Multiple lines of high alcohol-preferring (HAP) mice were selectively bred for their intake of 10% ethanol (v/v) during 24-hour daily access over a 4-week period, with the highest drinking lines exhibiting intakes in excess of 20 g/kg/day. We observed circadian drinking patterns and resulting blood ethanol concentrations (BECs) in the HAP lines. We also compared the drinking rhythms and corresponding BECs of the highest drinking HAP lines to those of the C57BL/6J (B6) inbred strain. Adult male and female crossed HAP (cHAP), HAP replicate lines 1, 2, 3 and B6 mice had free-choice access to 10% ethanol and water for 3 weeks prior to bi-hourly assessments of intake throughout the dark portion of the light-dark cycle. All HAP lines reached and maintained a rate of alcohol intake above the rate at which HAP1 mice metabolize alcohol, and BECs were consistent with this finding. Further, cHAP and HAP1 mice maintained an excessive level of intake throughout the dark portion of the cycle, accumulating mean BEC levels of 261.5 ± 18.09 and 217.9 ± 25.02 mg/dl, respectively. B6 mice drank comparatively modestly, and did not accumulate high BEC levels (53.63 + 8.15 mg/dl).
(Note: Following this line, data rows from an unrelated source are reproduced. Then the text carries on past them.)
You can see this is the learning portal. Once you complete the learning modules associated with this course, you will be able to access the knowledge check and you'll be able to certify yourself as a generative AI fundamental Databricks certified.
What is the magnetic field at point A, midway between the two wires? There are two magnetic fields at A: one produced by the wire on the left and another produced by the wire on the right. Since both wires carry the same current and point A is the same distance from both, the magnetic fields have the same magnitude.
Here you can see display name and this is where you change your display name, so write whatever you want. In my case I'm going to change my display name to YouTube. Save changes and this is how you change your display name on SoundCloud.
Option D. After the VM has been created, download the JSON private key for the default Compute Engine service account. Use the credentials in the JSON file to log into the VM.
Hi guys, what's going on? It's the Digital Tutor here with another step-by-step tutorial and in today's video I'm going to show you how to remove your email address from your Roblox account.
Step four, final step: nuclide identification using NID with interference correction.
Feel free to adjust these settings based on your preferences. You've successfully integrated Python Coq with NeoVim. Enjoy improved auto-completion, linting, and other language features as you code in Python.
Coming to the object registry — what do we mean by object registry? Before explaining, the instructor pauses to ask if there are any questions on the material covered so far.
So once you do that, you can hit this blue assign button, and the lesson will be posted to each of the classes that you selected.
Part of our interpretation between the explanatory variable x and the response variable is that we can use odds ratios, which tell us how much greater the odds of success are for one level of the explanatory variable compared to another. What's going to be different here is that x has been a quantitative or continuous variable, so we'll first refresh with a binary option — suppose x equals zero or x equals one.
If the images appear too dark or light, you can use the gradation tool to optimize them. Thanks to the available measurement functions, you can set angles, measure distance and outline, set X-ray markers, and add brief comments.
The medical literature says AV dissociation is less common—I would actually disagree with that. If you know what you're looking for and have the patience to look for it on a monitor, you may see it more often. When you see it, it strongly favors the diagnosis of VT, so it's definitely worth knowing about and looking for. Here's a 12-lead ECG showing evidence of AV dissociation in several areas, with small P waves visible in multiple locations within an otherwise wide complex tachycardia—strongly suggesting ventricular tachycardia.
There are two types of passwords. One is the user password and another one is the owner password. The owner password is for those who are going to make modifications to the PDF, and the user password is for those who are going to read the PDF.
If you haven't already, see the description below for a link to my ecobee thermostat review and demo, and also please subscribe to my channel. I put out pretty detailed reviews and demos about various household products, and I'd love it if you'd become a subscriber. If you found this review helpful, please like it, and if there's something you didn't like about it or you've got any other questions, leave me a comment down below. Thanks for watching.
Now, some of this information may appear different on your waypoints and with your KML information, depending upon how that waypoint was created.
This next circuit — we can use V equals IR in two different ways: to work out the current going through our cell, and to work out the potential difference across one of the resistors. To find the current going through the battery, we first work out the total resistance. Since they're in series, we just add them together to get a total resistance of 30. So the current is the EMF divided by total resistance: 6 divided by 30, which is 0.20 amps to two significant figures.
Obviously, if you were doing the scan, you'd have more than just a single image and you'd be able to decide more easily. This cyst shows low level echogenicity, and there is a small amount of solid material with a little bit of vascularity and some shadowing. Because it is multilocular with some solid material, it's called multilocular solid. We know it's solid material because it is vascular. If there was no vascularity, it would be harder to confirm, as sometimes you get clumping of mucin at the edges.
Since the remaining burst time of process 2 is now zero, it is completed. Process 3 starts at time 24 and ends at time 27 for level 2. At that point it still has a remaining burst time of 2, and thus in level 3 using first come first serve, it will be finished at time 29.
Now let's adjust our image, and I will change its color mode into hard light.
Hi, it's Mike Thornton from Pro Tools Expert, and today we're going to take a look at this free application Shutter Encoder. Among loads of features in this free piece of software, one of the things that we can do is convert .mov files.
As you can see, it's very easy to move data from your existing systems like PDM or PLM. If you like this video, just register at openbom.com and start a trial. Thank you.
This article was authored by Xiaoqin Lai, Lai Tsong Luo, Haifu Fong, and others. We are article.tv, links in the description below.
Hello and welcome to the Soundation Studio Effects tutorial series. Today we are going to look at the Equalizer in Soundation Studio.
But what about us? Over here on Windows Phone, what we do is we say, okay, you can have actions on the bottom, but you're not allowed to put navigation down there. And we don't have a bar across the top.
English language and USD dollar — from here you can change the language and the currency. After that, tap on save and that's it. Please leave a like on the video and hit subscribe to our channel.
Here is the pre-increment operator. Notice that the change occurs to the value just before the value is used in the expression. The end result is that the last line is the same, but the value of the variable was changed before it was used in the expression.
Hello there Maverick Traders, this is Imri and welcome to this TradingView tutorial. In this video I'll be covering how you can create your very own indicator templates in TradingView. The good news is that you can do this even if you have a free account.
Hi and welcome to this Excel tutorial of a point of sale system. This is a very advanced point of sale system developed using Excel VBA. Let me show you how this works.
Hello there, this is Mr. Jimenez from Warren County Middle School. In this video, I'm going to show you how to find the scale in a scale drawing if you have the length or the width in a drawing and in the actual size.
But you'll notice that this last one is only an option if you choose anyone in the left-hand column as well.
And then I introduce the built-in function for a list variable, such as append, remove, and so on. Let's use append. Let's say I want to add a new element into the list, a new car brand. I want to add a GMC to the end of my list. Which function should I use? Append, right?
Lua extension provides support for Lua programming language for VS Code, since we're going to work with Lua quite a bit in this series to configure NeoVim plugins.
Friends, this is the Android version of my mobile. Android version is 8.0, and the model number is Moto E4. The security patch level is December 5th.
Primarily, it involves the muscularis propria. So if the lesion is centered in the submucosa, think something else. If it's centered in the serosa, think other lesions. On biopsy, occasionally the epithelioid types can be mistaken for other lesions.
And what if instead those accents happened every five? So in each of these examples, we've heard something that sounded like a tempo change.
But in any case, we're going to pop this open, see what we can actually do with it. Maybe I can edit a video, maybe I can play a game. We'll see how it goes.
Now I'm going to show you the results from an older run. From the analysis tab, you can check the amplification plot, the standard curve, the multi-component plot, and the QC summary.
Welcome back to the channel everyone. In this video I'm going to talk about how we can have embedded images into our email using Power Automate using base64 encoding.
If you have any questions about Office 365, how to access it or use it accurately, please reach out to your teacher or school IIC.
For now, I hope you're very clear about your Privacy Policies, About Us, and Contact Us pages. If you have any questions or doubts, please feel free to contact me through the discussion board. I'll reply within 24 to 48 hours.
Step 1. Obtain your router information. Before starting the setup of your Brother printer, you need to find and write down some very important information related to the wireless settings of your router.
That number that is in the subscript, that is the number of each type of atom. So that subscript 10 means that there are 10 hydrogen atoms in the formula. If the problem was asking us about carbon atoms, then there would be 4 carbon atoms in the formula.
Free-choice drinking demonstrated by the HAP1 and cHAP lines may provide a unique opportunity for modeling the excessive intake that often occurs in alcohol-dependent individuals, and allow for exploration of predisposing factors for excessive consumption, as well as the development of physiological, behavioral and toxicological outcomes following alcohol exposure.

© 2011 The Authors, Addiction Biology © 2011 Society for the Study of Addiction.

KEYWORDS:

Alcoholism; circadian rhythms; ethanol; rodent model; selective breeding; self-administration

PMID:
22126215
[PubMed - indexed for MEDLINE]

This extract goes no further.